This week while Trixie and I were fishing in the high meadows surrounding the San Luis Valley, I was reminded again how she was able to snag Ol' Dutch.
It all started so innocently three summers ago when as friends, we got so far afield that the call of nature came calling and the only facilities available was a tree in the forest. Having been married to a woman who only answered those calls on a porcelain throne, Trixie's ability to "get 'er done' while afield quickly caught my eye. Having said that, I wish now I hadn't as that just doesn't sound right.
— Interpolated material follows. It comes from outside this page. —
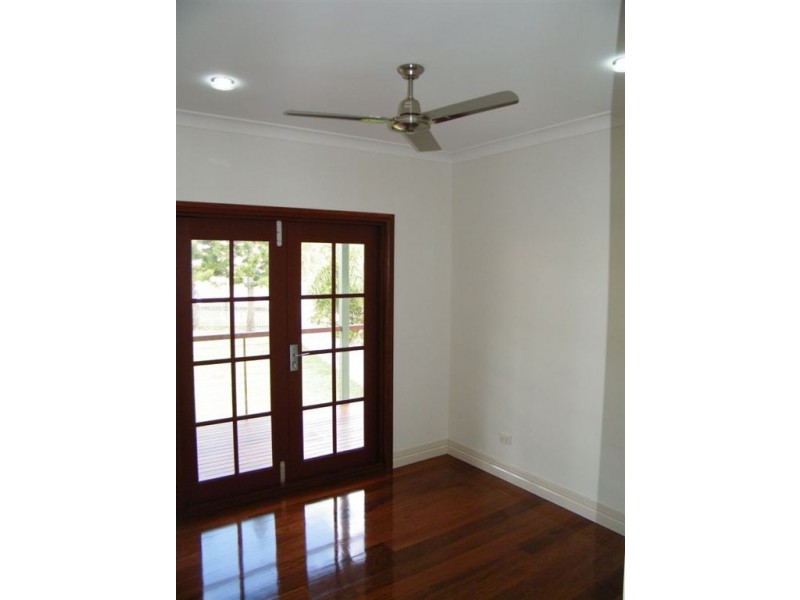 11 Harrier Street, Rural View QLD 4740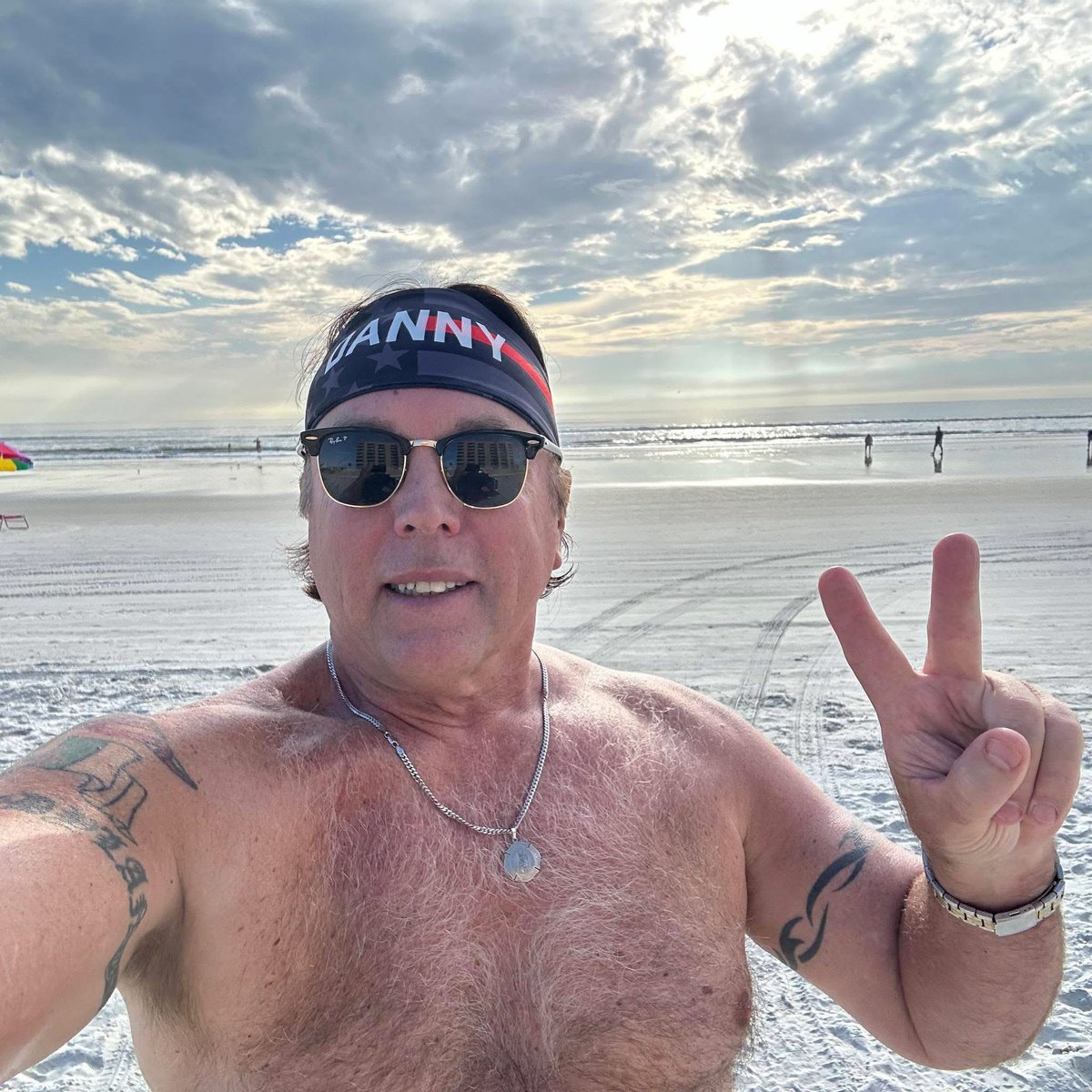 hairy_males's tweet photo. Hairy daddy
#hairy #hairydaddy #silverdaddy #chesthair #hairystraightman #naturalman #daddy #hairyarmpits https://t.co/ysRSN3goLV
But, you all know what I mean anyway.
But regardless, it did allow us to spend more time together and that led to, well, more time together.
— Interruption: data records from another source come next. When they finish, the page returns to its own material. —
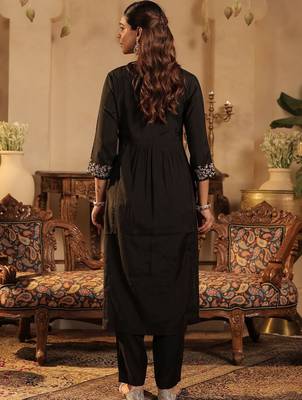 Women Ethnic Motifs Embroidered Regular Thread Work Kurta with Trousers 5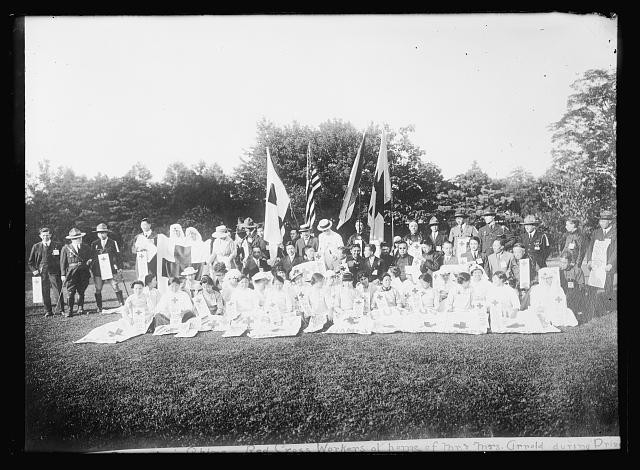 Shanghai China 1918 Red Cross workers at Arnold home drive group photo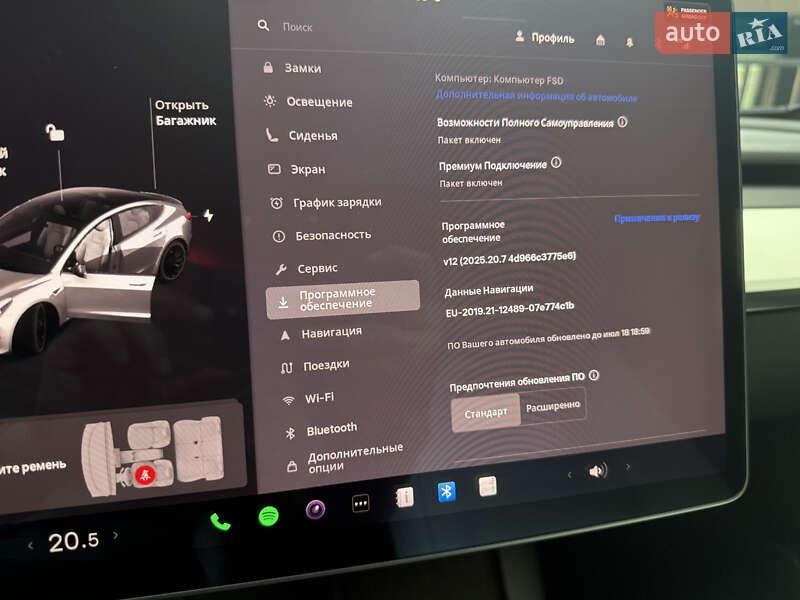 Седан Tesla Model 3 2021 в Дніпрі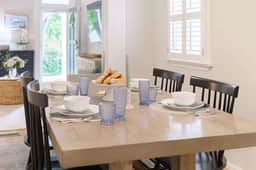Downtown Annapolis Charming 2 BDR Townhome
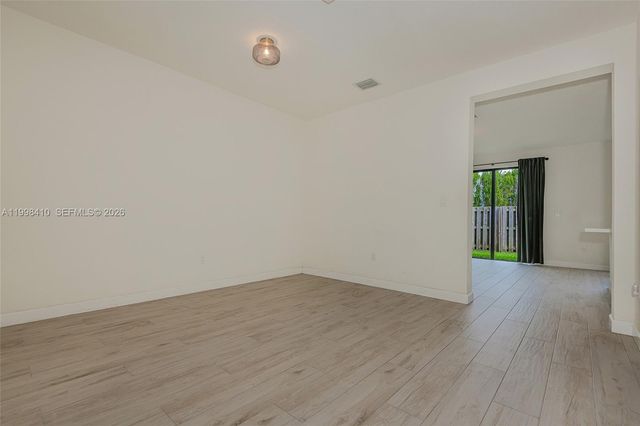 8903 NW 184th Ter, Miami Lakes, FL 33018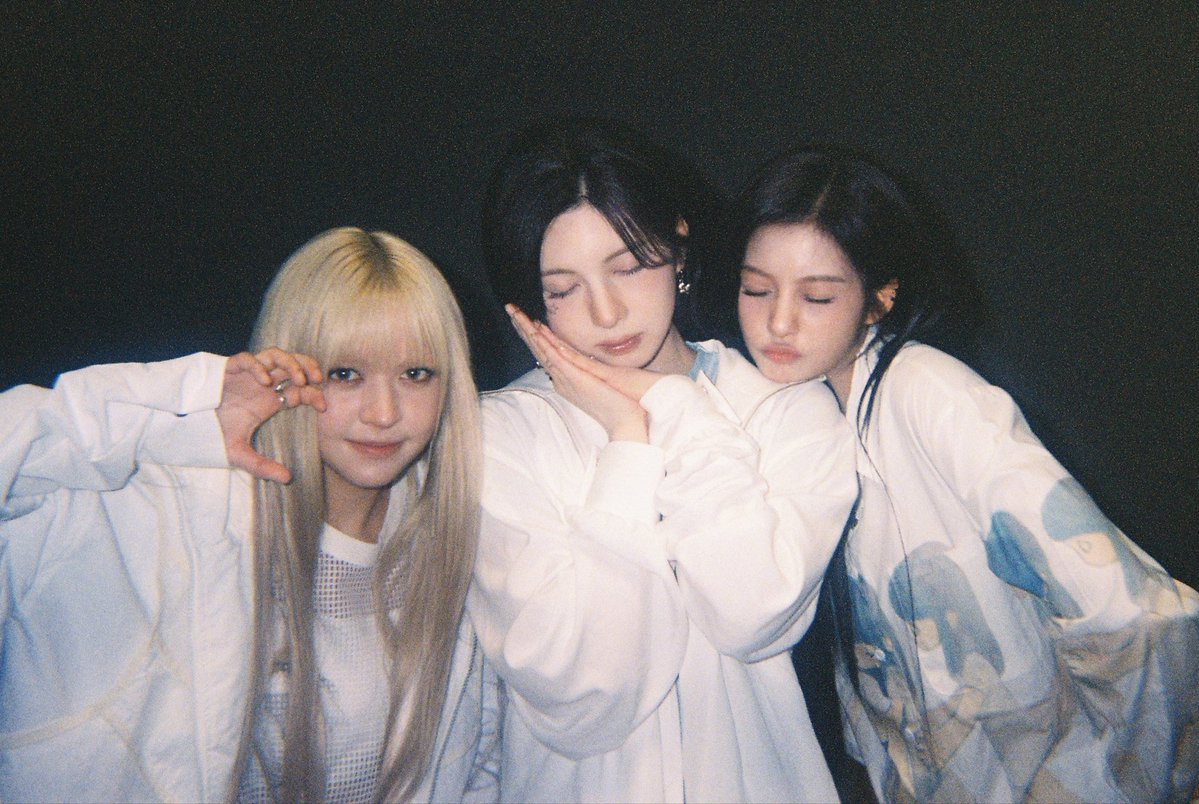 yang6gaeng's tweet photo. 엔믹스 잘맞는이유 3장녀와 3막내로 이루어진 팀이여서 https://t.co/heY5LugOQa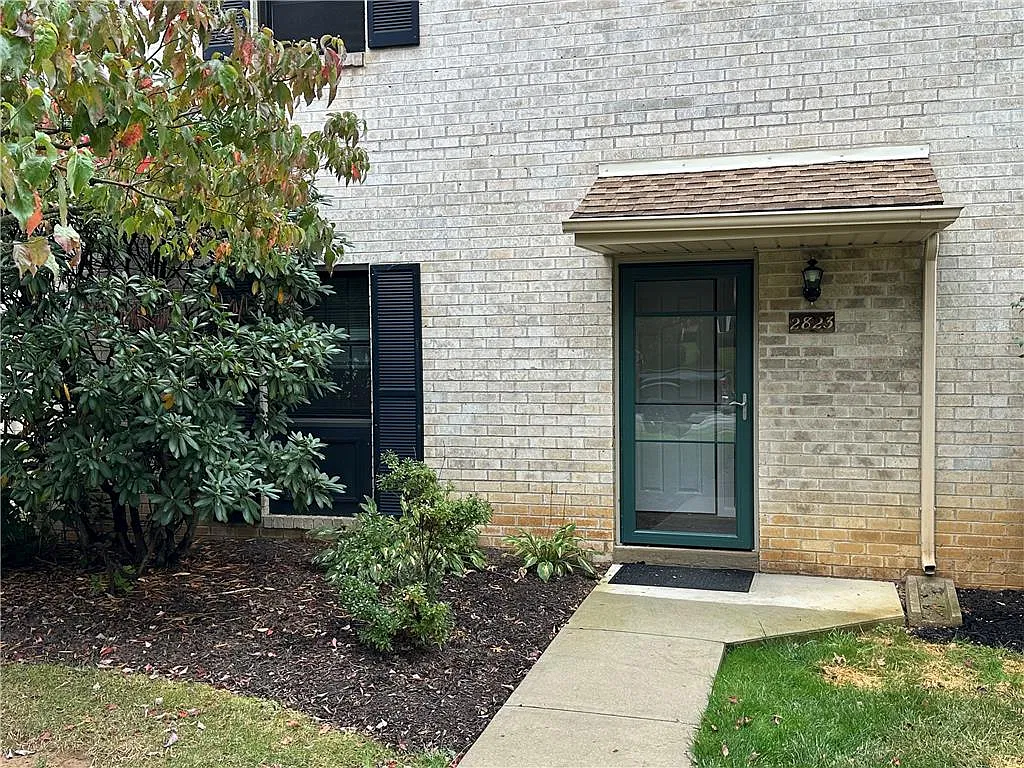 3 bed, 2.5 bath, 1768 sqft, $2,350 — Photo 1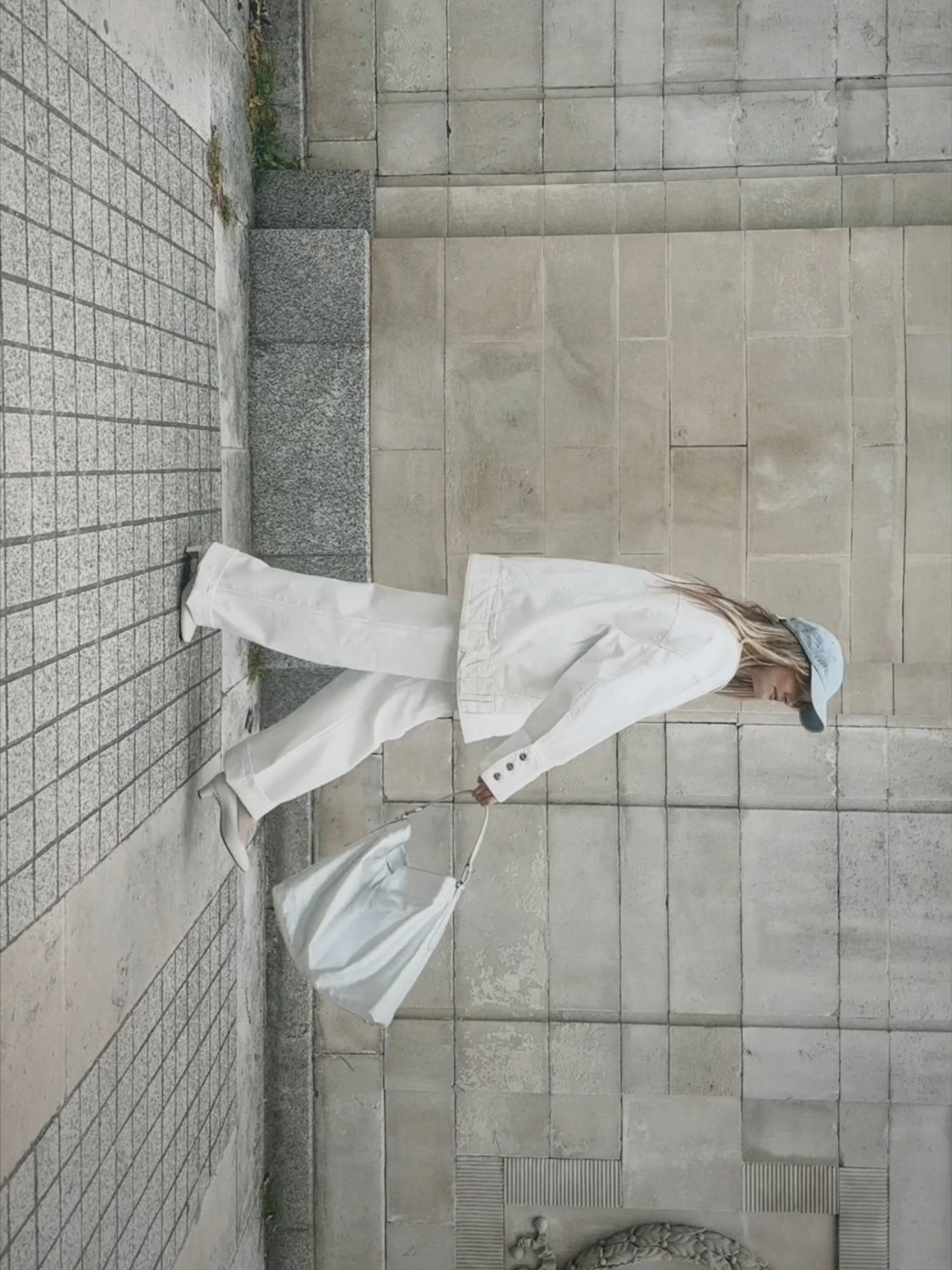 Every wardrobe needs a pair of White Jeans #ontrend #whitedenim #whitejeans 

#LTKeurope #LTKuk #LTKluxury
Fishing a high mountain lake this past week, fish were coming to my pole like fleas to a mangy dog. I had gotten separated from Trixie and the stringer so when I caught a fish, I walked over to where she was casting her fly. Now that sight alone is enough to drive any fisherman to distraction but then she pulled out all the stops. She took off my fish and put it on the stringer.
Ol' Dutch's heart just melted once again and my love for her flowed like hot fudge over soft ice cream. Dutch just can’t help but wax romantic at times like that folks.
Now I am no fool and have seen many a man tricked into some kind of commitment by a wily woman which usually leads to servitude. Ol' Dutch didn’t get foot loose and fancy free only to be herded into a corral by some conniving female wrangler.
As a matter of fact that very thing happened to my dad. While he was dating my stepmother, she had boots and a fly rod and all the gear and went along with him UNTIL they got married. Then it all went south like the migrating cranes out of the Valley in winter.
But, back to me and Trixie. so, everything was going along fine and although highly tempted, I was still able to remain aloof enough to maintain my bachelorhood.
Then it happened. The summer monsoons started and with it, days and days of rain which saturated the ground around the RV park. Hindsight being 20/20 what occurred next was really Cooper's fault. I always suspected he held a grudge against me for being left at home at the last wienie roast and boy did he get even.
Darkness had come and Ol' Dutch was snug in his chair and easing toward a horizontal position in his comfy bed. But Cooper had other plans. He decided that an outside tour with the bears was in order.
There was some growling involved and that was just from Ol' Dutch but finally I got up, grabbed my flashlight and off we went. In a short distance I spotted hundreds of huge fishing worms all over the ground. It seems the rains had brought them to the surface and I was so amazed I called Trixie to see the sight.
Unexpectedly, she pounced on them like a momma robin with a clatch of new chicks. Faster and faster she picked them up until her bucket was full to overflowing.
Now most of you know there is nothing sexier to a mountain man than a woman who knows how to handle a good worm. That doesn’t sound right either, somehow?
All of the things I had seen Trixie do like fishing out of a bass boat unassisted, peeing in the forest, taking my fish off the line had tempted Ol' Dutch almost to the breaking point but to pull the old “woman gathering worms ploy” was just unfair to the extreme.
I somehow made it through the night without any undue tender moments and subsequent foolish words being spoken but it was as close as a man can get to indentured servitude without going over the edge.
For now I am riding the wave again and can’t wait to see what trick she pulls out of her hat next to get Ol' Dutch under her thumb. I hear it has something to do with Peach Cobbler. Until then, I have a lasting memory of her trying to worm her way into my heart.